This is the first in a series of blogs on overcoming racism. Although I’m no expert, I believe that I’ve made progress in recognizing and overcoming my own racism. Perhaps some of my insights will be useful.
Some of my liberal white friends have recently confided that they are afraid of groups of black teenagers. Perhaps they’re revealing their secret now because the police brutality in Ferguson and New York has made them examine their own racism. Perhaps they tell me because they think that I, having worked at Trenton High, will be able to help them deal with their guilt. I’ll try.
Fear of a large group of young people seems to me a commonsense response in some circumstances. So my advice about deciding whether the fear is racist is to ask, “Would I feel the same if the group were of my own race?”
Plenty of black people are afraid of black gangs. A black friend from Princeton was passing out pamphlets in Washington, DC when a group of black teenagers approached. She and her daughter ran to their car, jumped in, and locked the doors. Our janitor at Trenton High, a black resident of Trenton, armed himself with a sawed off weed-whacker for his walk home. He needed it to ward off teenage muggers. An old lady was rolled by a bunch of black girls on crack just last week!
We wouldn’t call the janitor or my black friend racist. And if I crossed the street to avoid an unruly crowd of white kids, I wouldn’t be accused of racism.
A white friend of mine rode her bike to K-Mart but didn’t lock it because a group of black kids was standing near the bike rack. Locking it would show that she didn’t trust them, and that would be racist. The bike was stolen. I bet that, if the group of kids had been white, she would have locked the bike. I also bet that a black biker would have locked her bike regardless of the race of the kids. Sometimes, in our eagerness not to be seen as racist, we overlook common sense.

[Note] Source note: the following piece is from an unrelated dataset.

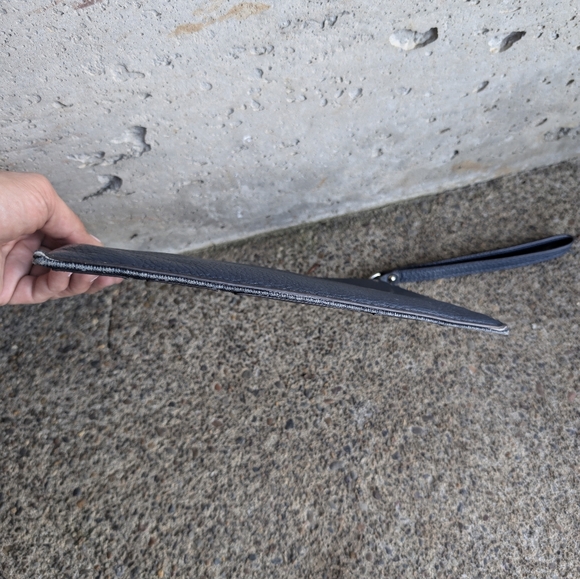 Michael Kors Denim & Leather Wristlet - Picture 11 of 14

My black male friends are deeply hurt and offended when white people cross the street, tuck up their handbags, and show similar distrust of them. After all, white people don’t behave like that when passing other white people. Likewise, my black female friends resent being “helped” more than white shoppers when browsing in clothing stores.
Such differential treatment is racist and sometimes backfires. At a sporting goods store, a group of black teenagers came to exchange a pair of sneakers. They showed the cashier the sales slip, but, as they set off for the sneaker department, the code for “Watch out for shoplifters” came over the PA. Meanwhile a group of white teenagers, wearing trench coats and boots in spite of the warm June weather, had entered the store. While the store’s personnel followed the black kids, the white kids walked out with stashes of pilfered items under their coats.
Our reaction to groups of another race is often used as a litmus test for racism, but I question the validity of the test. Isn’t it natural, even atavistic, to distrust groups in general? Compare, for example, our inborn reaction to meeting a pack of dogs versus meeting just one dog. Groups do differ from individuals. Wariness of a “gang” of teenagers may be especially justified. The teenage brain is not fully developed. There’s peer pressure. Someone makes a dare. The group provides anonymity and support.
So, to my liberal white friends, I say, “Don’t worry about groups.” Instead, catch yourself whenever you think or speak about black people as if all were alike – a “they.” Give individuals who are black the same respect you give whites. And, while examining your own racism, notice the institutional racism that’s all around us. That racism is far more insidious and deserves our attention.